Gillian Cummings's Playlist for Her Poetry Collection "The Owl Was a Baker’s Daughter"

The Owl Was a Baker’s Daughter

In the Book Notes series, authors create and discuss a music playlist that relates in some way to their recently published book.

Previous contributors include Jesmyn Ward, Lauren Groff, Bret Easton Ellis, Celeste Ng, T.C. Boyle, Dana Spiotta, Amy Bloom, Aimee Bender, Heidi Julavits, Hari Kunzru, and many others.

Winner of the Colorado Prize for Poetry, Gillian Cummings's The Owl Was a Baker’s Daughter is an imaginative and impressive collection.

Maggie Smith wrote of the book:

"The Owl Was a Baker’s Daughter begins with ‘meanwhile,’ en media res, and immediately we find ourselves deep inside the world of these poems—a world both herbarium and aviary, both meadow and sea; a world lush with loosestrife and moss, honey bees and seahorses, and ‘the shut eyes of rocks’; a world haunted by the spirit of Shakespeare’s Ophelia. The hallmarks of Gillian Cummings’s work are here: the integrity of each line, a poem itself, and her ear for music.

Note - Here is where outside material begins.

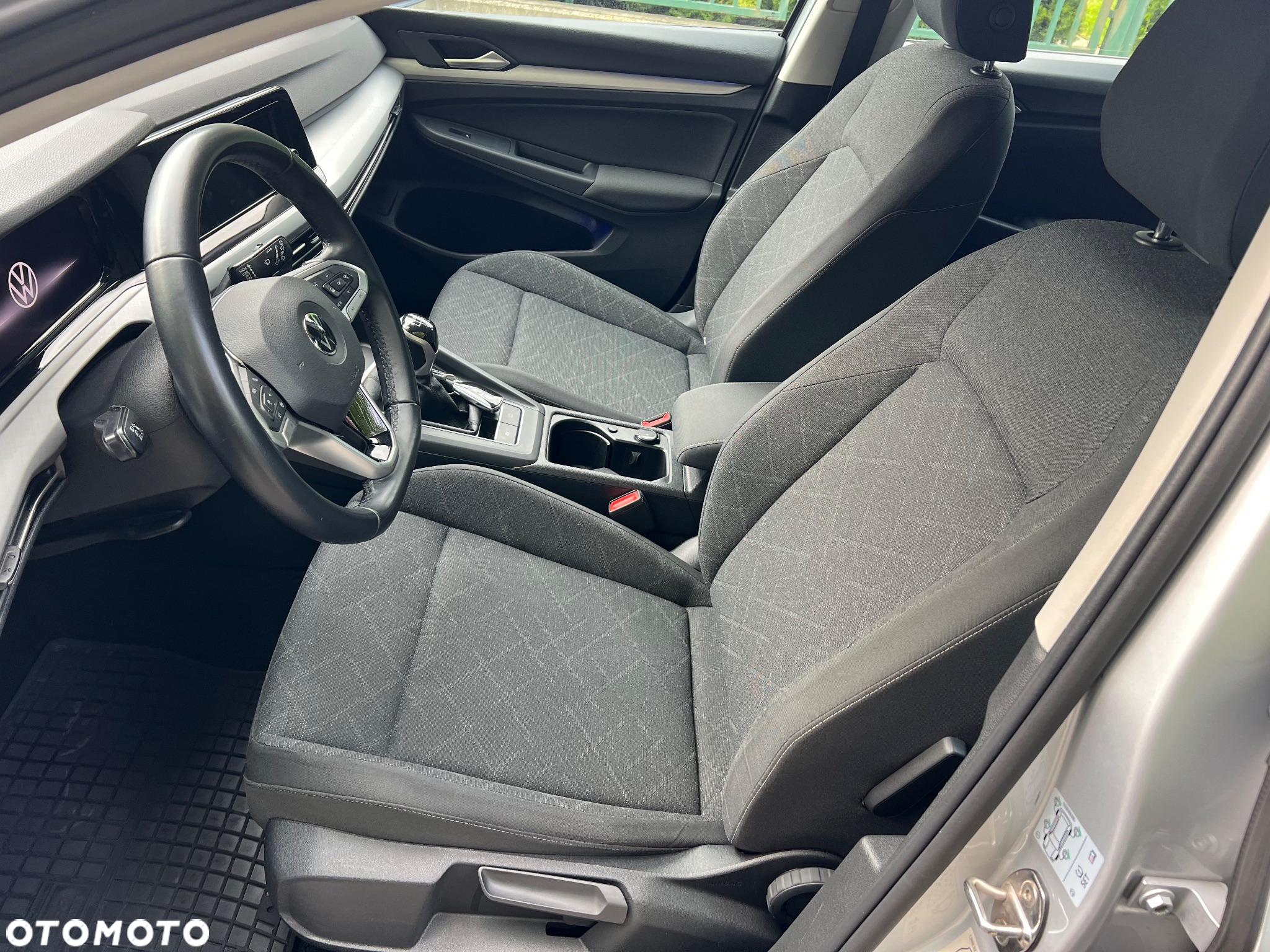 Volkswagen Golf VIII 1.5 TSI EVO Life - 16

The poems, mothlike, ‘lift, / lift lightly, spiral-whirl. They flicker and fleck, weaving a world’—one that is imaginative, complex, and original."

In her own words, here is Gillian Cummings's Book Notes music playlist for her poetry collection The Owl Was a Baker’s Daughter:

Philip Glass, “Evening Song” from Satyagraha

The Owl Was a Baker’s Daughter begins: “She wants to die and does / not know…” This is my speaking about a period in my life in which I was deeply depressed. During this time, when I woke in the mornings, I would often listen to pieces of music that I could envision as the soundtrack to my death—don’t ask why—and this piece by Philip Glass was always foremost. Not because I am grandiose enough to think my death could or should ever compare to the deaths of Mahatma Gandhi or Dr. Martin Luther King, Jr. (subjects of Glass’s opera), but because I have never heard anything else this sad and at once this quietly hopeful, as if the end of a life, its “evening,” could be something to savor, a bliss. The fading out of the chorus of winds, after their crescendo towards the end, their plaintive ceasing, says as much. And though I have never known the meaning of the Sanskrit lyrics, I could hear repeated the word “Amitabha,” which is the name for the Buddha of light, who is said to be born in the Pure Land of lotuses. In The Owl, the sutras and texts of Buddhism are like little threads I wove throughout this book, the first poem of which ends with a reference to The Diamond Sutra (“this fleeting world…”).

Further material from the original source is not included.